Protective services manager Darren Lees confirms bylaw officers for the City of Vernon do not carry crossbows or bow and arrows.
But they could.
Bylaw officers, as it was discovered by Vernon council at its Monday, May 9 meeting, are part of a handful of exemptions who can legally discharge a longbow or crossbow within the corporate boundaries of the city.
Bow, arrow and crossbow are defined in the bylaw as weapons which, under the rule, are prohibited from being discharged within the corporate boundaries of the city.
Those exempt from the bylaw requirements are bylaw enforcement officers; hunters or predator control contractors in compliance with the Wildlife Act while on properties bigger than two hectares in size; bona fide farmers or their designate in the destruction of predators and protection of crops; Vernon School District students being trained in the use of a bow and arrow, and under supervision from a teacher of person of responsibility, during school hours; and individuals involved in an archery competition/practice, hosted by a recognized and organized group or archery club meeting.

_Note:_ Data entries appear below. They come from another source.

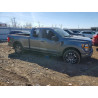 2023 FORD F-150 1FTEX1EPXPKE97943 46903206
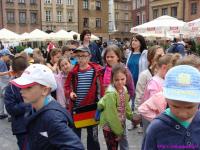 IS_DSC07226.jpg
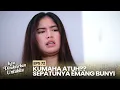 Download Lagu Lucunya Alya \u0026 Devan Kabur Ketahuan Papa Baldy | KAU DITAKDIRKAN UNTUKKU | EPS.72 (3/3)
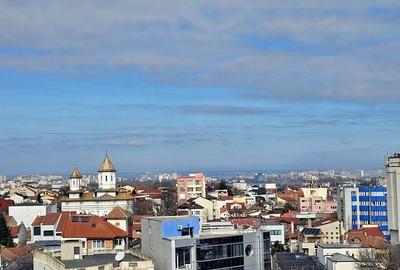 Apartament cu 2 camere decomandat, mobilat în Capitol - 32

It was the wording of the exemptions that drew considerable discussion from council.
“I’m wondering if this is still something we should have in place,” said Coun. Teresa Durning, who told colleagues she comes from a long line of hunters and gatherers. “Bylaw officers can bow hunt in the city? Farmer can bow hunt? Yes? (confirmed). It shouldn’t be in place. The (bylaw) wording can be better.”
“We can look into it further,” said Lees.
Coun. Brian Quiring finished the lengthy debate with a confession. It was he, he said, who helped draft the bylaw in 2012. Quiring said the bylaw’s intent was to give a hand to local orchardists.
“If you had an orchard, and you had deer, you could whack a deer legally with a bow and arrow,” he said. “The way it’s written, during hunting season, if I have five acres on Okanagan Landing, I can go deer hunting. But the bylaw was intended for orchardists. I made it and we can revise it if we need to.”
Council voted unanimously for a staff high-level review of the exemptions in the bylaw, and to bring a report back to council.